- **What you are asked to do**: Below are the entries. Transcribe exactly the lines from the one with "Raviry onlyfans pictures" through the one with "New 2026 Ram", ends included, and leave out all others.

- **Information shown**:
--*--

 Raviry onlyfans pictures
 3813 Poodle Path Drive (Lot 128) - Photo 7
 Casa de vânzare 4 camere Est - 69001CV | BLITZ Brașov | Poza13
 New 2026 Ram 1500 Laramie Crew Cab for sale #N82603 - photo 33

--*--

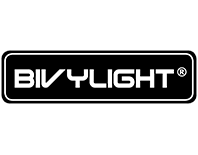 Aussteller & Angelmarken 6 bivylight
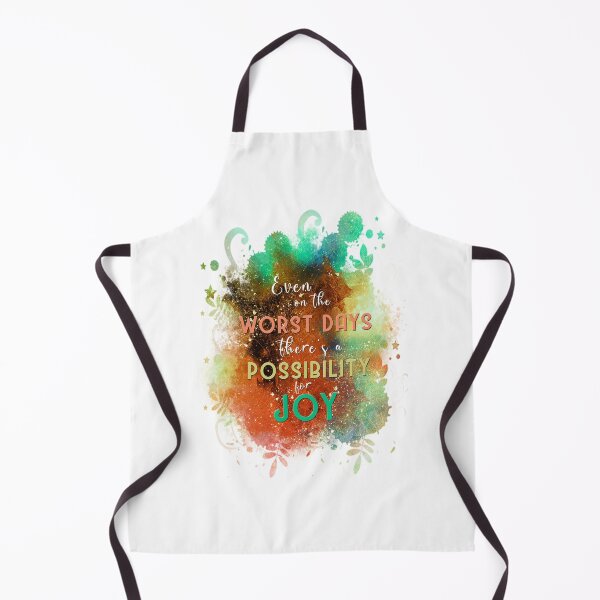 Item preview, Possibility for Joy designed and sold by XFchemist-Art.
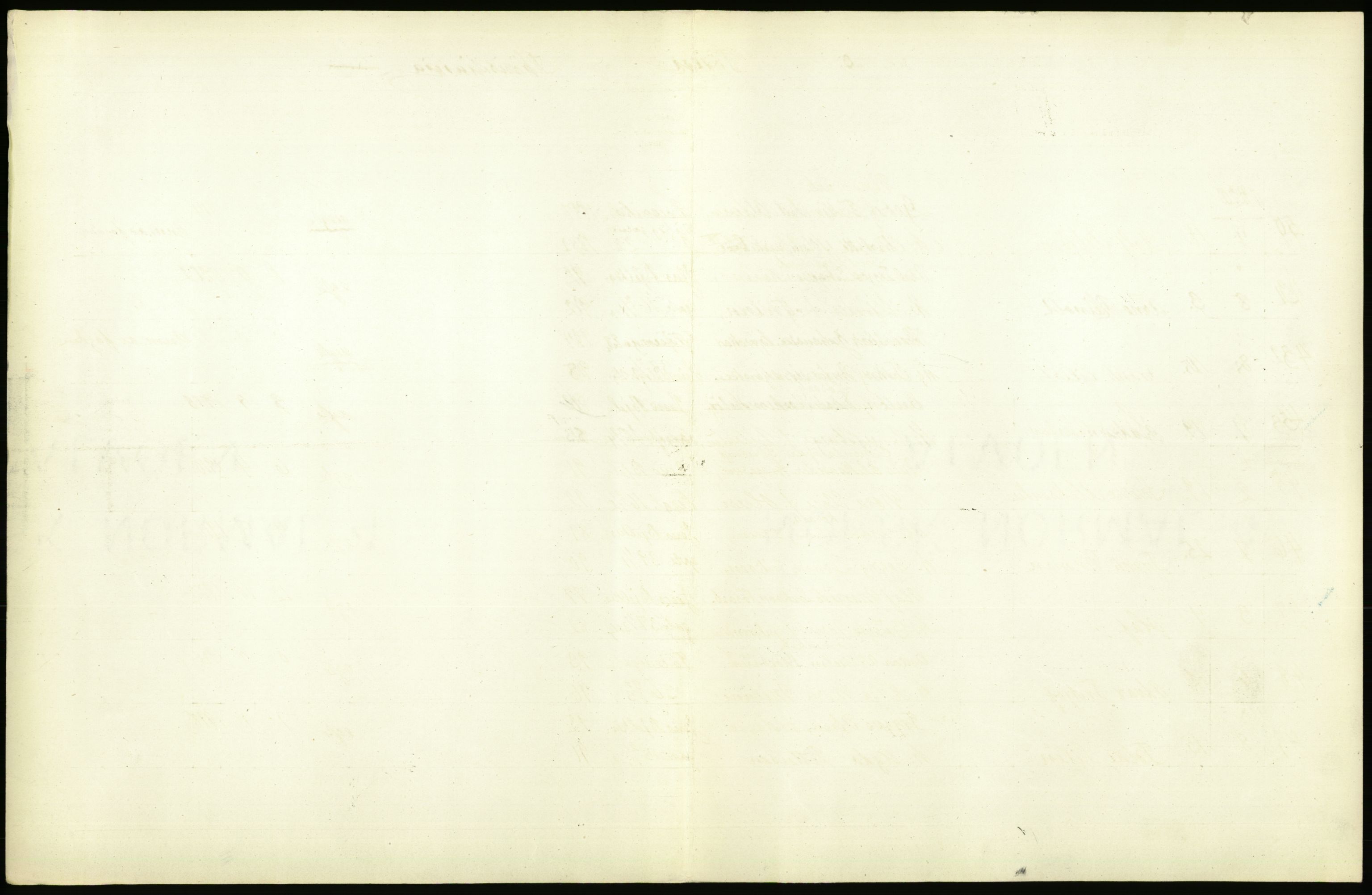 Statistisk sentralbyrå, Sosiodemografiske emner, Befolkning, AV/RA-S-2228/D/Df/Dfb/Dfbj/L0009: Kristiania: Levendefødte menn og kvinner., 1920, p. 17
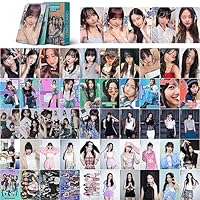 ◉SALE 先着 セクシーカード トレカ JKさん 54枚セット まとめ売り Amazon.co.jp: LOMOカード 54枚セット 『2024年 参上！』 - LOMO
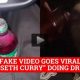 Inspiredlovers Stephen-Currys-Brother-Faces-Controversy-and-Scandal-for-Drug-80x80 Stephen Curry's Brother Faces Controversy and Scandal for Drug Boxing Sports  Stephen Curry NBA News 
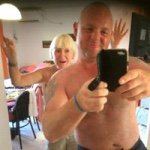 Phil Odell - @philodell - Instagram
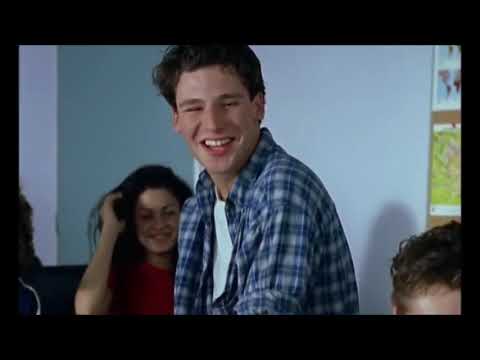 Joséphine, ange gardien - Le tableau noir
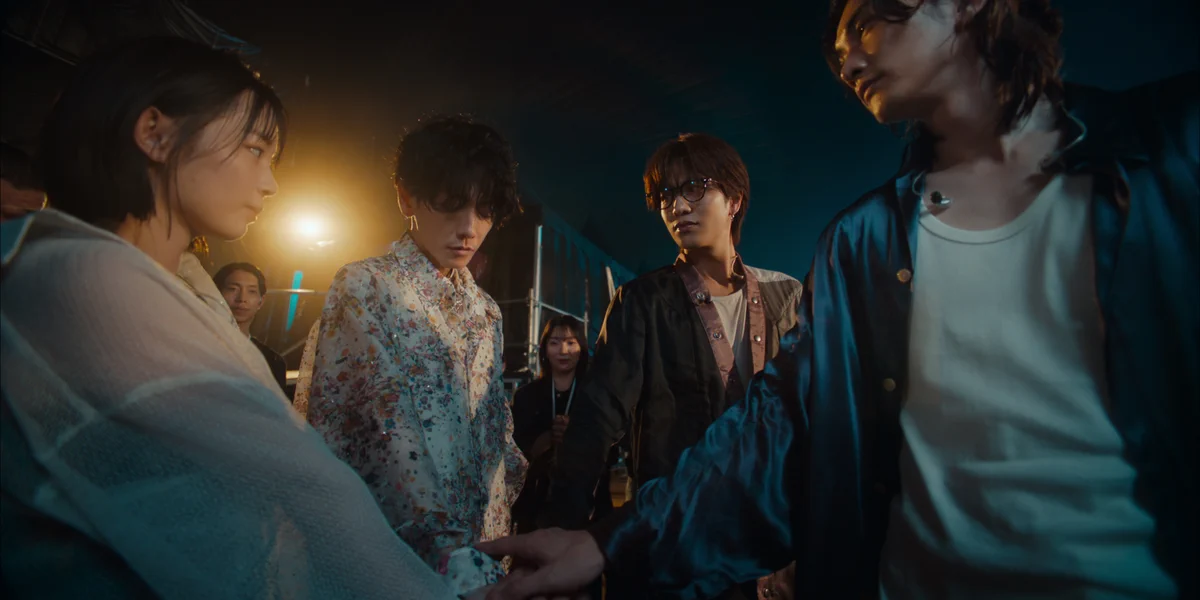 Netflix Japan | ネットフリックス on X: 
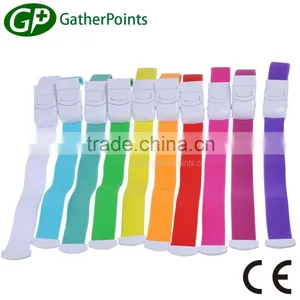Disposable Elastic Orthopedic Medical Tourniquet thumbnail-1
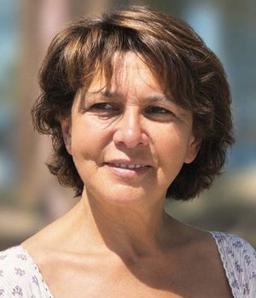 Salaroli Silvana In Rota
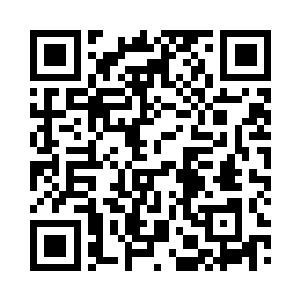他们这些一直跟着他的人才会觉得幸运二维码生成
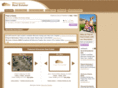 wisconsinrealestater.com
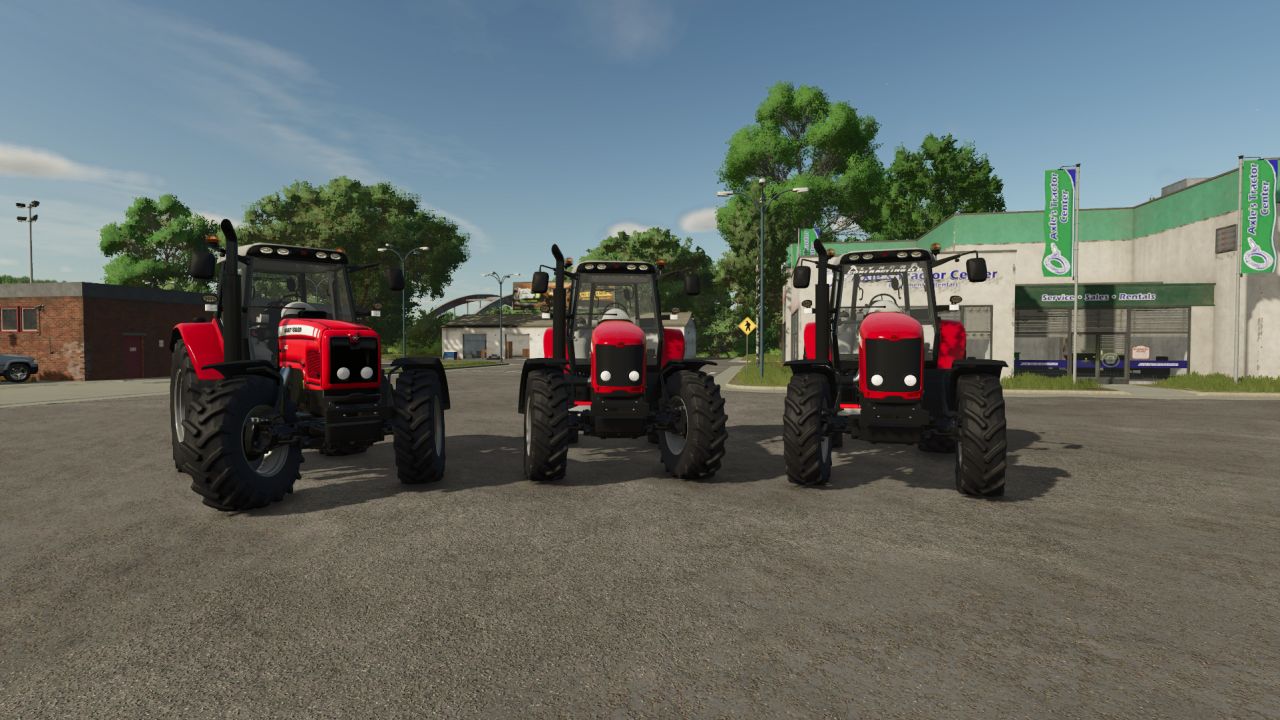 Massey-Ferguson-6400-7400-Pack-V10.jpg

--*--

- **Response to this task**:
 Raviry onlyfans pictures
 3813 Poodle Path Drive (Lot 128) - Photo 7
 Casa de vânzare 4 camere Est - 69001CV | BLITZ Brașov | Poza13
 New 2026 Ram 1500 Laramie Crew Cab for sale #N82603 - photo 33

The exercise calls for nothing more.